Vous êtes tranquillement affalé dans votre fauteuil, fatigué après une dure journée de labeur, les yeux à moitié clos devant votre écran de télévision dont vous suivez distraitement le déroulement du programme d’une chaîne que vous n’avez même pas pris la peine de choisir, bref vous dormez à moitié, quand vous entendez cette phrase terrifiante : « Combien coûtent les jours fériés du mois de mai à l’économie française ? »

 

 Horreur, vous n’aviez pas pensé à cela ! Vous vous étiez même réjoui du heureux hasard qui avait permis que le jeudi de l’Ascension de cette année tombât le lendemain de la fête de la victoire du 8 mai, ce qui permettrait avec le pont du vendredi de vous octroyer cinq jours de suite de congé, cinq jours de repos que vous pensiez bien mérité dans cette alternance interminable de « métro, boulot, métro, dodo, métro, boulot… » du lundi au samedi de cette semaine destinée à ressembler à la précédente, puis à la suivante…

Pauvre innocent que vous êtes ! Pauvre insouciant ! Pauvre inconscient ! Misérable larve qui n’avez même pas songé une seconde que votre longue pause de cinq journées sans labeur allait coûter cher à l’économie française, oui cher, votre télévision vient de le dire, elle l’a même écrit en gros titre de lettres noires comme elle le fait chaque fois qu’elle veut attirer votre attention sur une information importante.
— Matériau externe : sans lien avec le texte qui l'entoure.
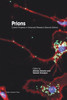 Prions : Current Progress In Advanced Research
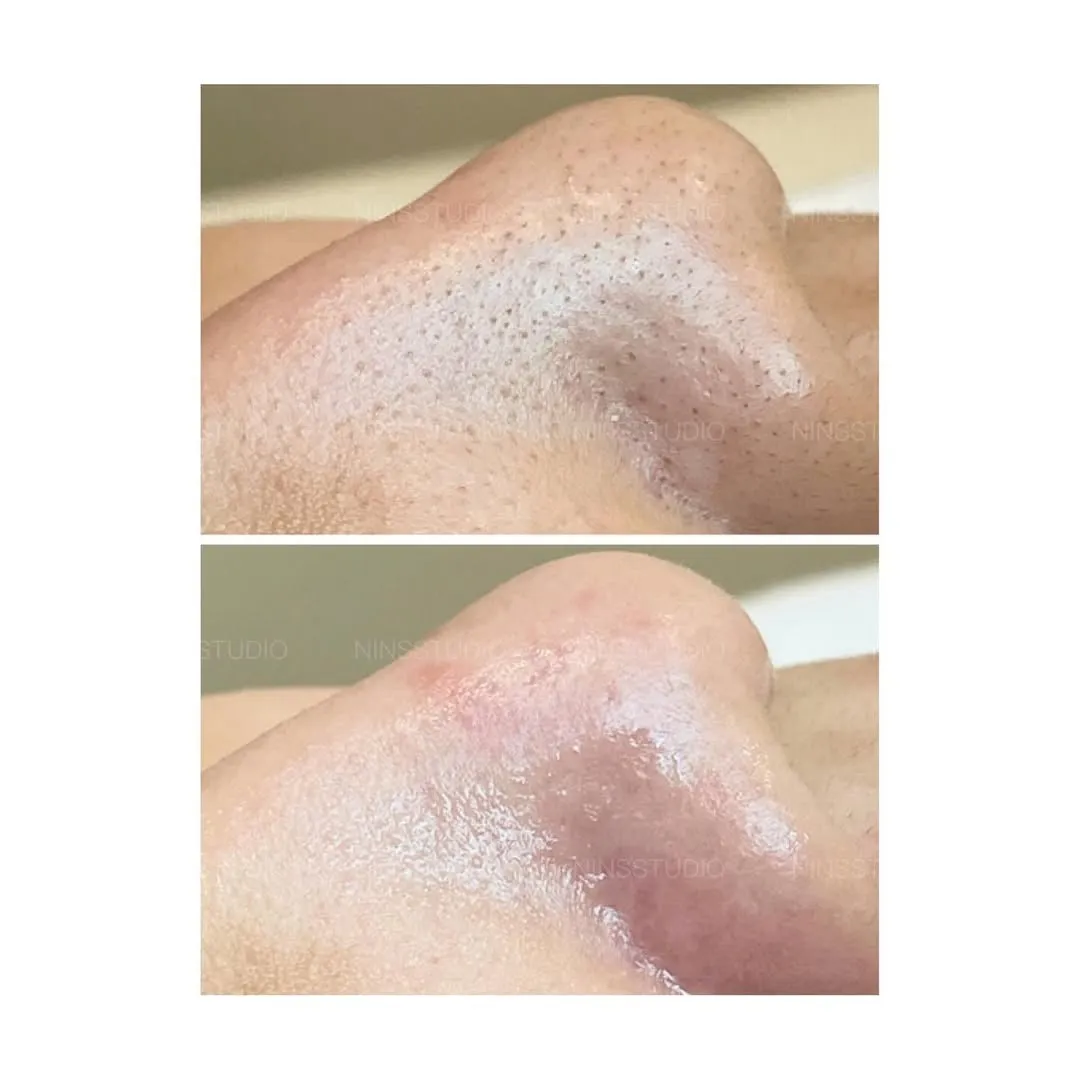 前後對比分享｜代謝粉刺保養｜板橋清痘痘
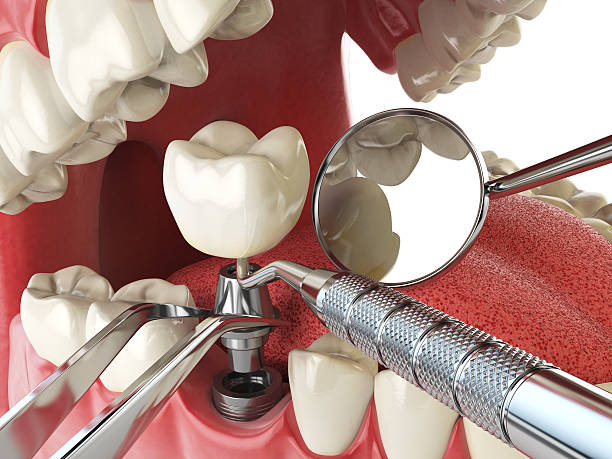 Best Emergency Root Canal Treatment in Wilton Manors, FL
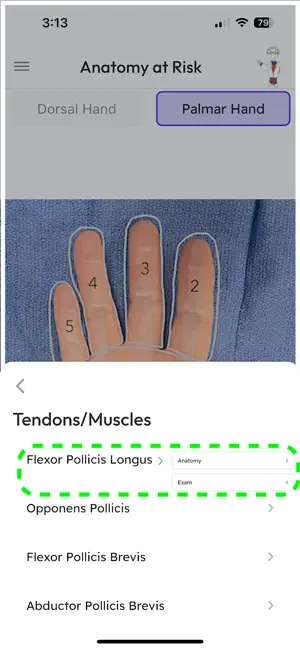 Anatomy at Risk screenshot 4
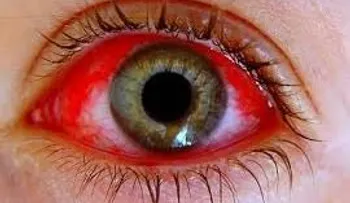 Atribuyen a las lluvias, brote de conjuntivitis afecta el país; muchos niños y adultos afectados 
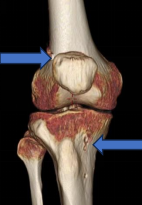 桂医大二附院成功实施前交叉韧带内增强重建术，助力快速康复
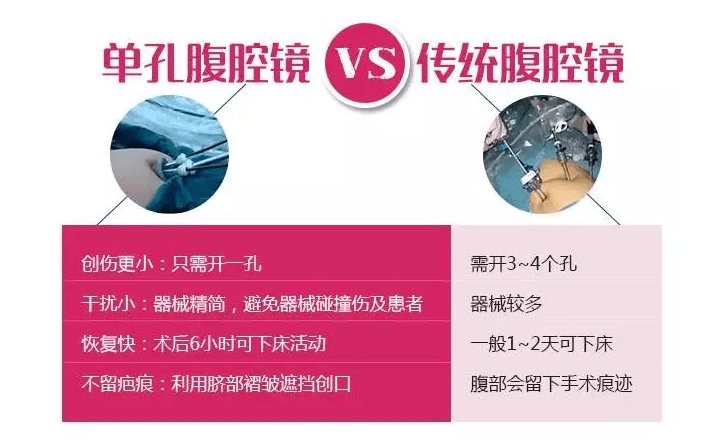 手术不留疤,什邡市人民医院专家为您解答单孔腹腔镜手术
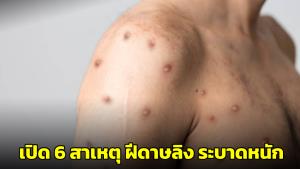 หมอยง เผย 6 สาเหตุ ที่ฝีดาษลิง ระบาดหนักในไทย พบผู้ป่วยเพิ่มขึ้นอย่างรวดเร็ว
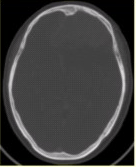 患者女，68岁。头痛、恶心2周，加重2d。头CT显示如下图。关于该病的描述，正确的是（）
Chère télévision qui vous a tiré de votre demi-sommeil pour vous rappeler à votre devoir de patriote : vous êtes sur terre pour travailler, pour alimenter l’économie française.
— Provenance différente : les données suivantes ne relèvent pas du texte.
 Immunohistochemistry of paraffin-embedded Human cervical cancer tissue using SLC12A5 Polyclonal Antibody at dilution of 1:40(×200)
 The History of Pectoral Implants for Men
Fini de rêvasser, de bailler aux corneilles – qui s’envolent d’ailleurs effrayées par votre imprévoyance, toutes ailes déployées…- Non, vous dormez encore, ce n’est pas le moment de faire un cauchemar, réveillez-vous ! Oui, vous ! Vous avez tort de ne pas voir plus loin que le bout de votre nez. Vous êtes coupable ! Vous êtes indigne ! Votre légèreté est impardonnable ! Vous le sentez, maintenant, ce sentiment de honte qui vous envahit ? Ah, c’est désagréable, n’est-ce pas ? Cela vous étreint, cela vous angoisse ?

C’est bien fait pour vous, vous l’avez bien mérité, pauvre ver de terre qui imaginiez que vous aviez le droit de profiter de votre vie, mais elle ne vous appartient pas, cette existence : elle n’est là que pour vous permettre de travailler. D’ailleurs, estimez-vous heureux d’avoir la chance d’avoir un emploi et de pouvoir justifier ainsi le droit à la vie, le droit à la subsistance, le droit de vous reproduire afin de permettre qu'aujourd'hui et demain l’être humain travaille, travaille, travaille encore et toujours.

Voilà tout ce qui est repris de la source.